MHB Finding the exact value of a limit

[NavalMonte]

I'm having a hard time starting this problem

lim of arctan(-2x^3+3x-4x) as x approaches infinity

Any help would be appreciated

 

[Evgeny.Makarov]

Start by finding the limits of $-2x^3+3x-4x$ when $x\to\infty$ (do you mean $-2x^3+3x^2-4x$?) and $\arctan(x)$ when $x\to\pm\infty$.

 

[NavalMonte]

Start by finding the limits of $-2x^3+3x-4x$ when $x\to\infty$ (do you mean $-2x^3+3x^2-4x$?) and $\arctan(x)$ when $x\to\pm\infty$.

I'm sorry, it's actually written as:

lim arctan($-2x^3+3x-4$)
x->∞

 

[Evgeny.Makarov]

The advice is the same: see where the argument of the arctangent tends to and then see what values arctangent takes there.

 

[NavalMonte]

The advice is the same: see where the argument of the arctangent tends to and then see what values arctangent takes there.

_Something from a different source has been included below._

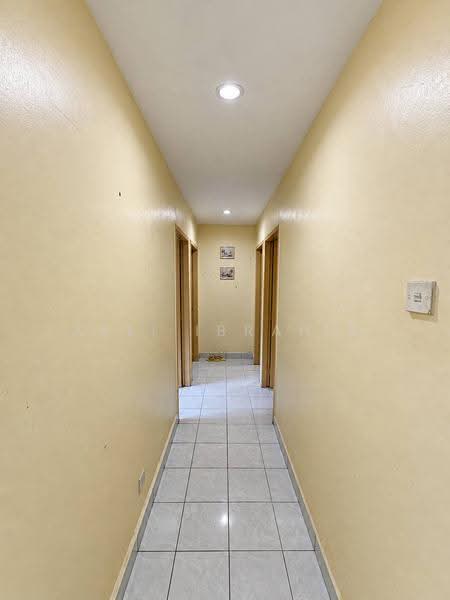 Condominium for Sale at Oakleaf Park - Azli Ibrahim - Corridor - PropertyGuru.com.my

I factored the largest factor of x from the polynomial and got:

lim $x^3$=∞
x->∞

and

lim $(-2+\dfrac{3}{x^2}-\dfrac{4}{x^2})$=-2
x->∞

Would that make the:
lim arctan (-2) =lim arctan($-2x^3+3x-4$)
x->∞...x->∞Edit: I just realized that:
lim $-2x^3+3x-4$ = -∞
x->∞

Therefore,
lim arctan($-2x^3+3x-4$)= -$\dfrac{\pi}{2}$
x->∞

Would that be correct or am I totally off base?

 

[Evgeny.Makarov]

I can only repeat what I have said: find the limit of the arctangent's argument and then find what arctangent is like near that value. You, instead, found the limit of the arctangent's argument divided by $x^3$ and substituted it into arctangent. I don't understand why you divided the argument by $x^3$.

Edit: I just saw your edit, and it is correct. You may also see this discussion on StackExchange for a similar example.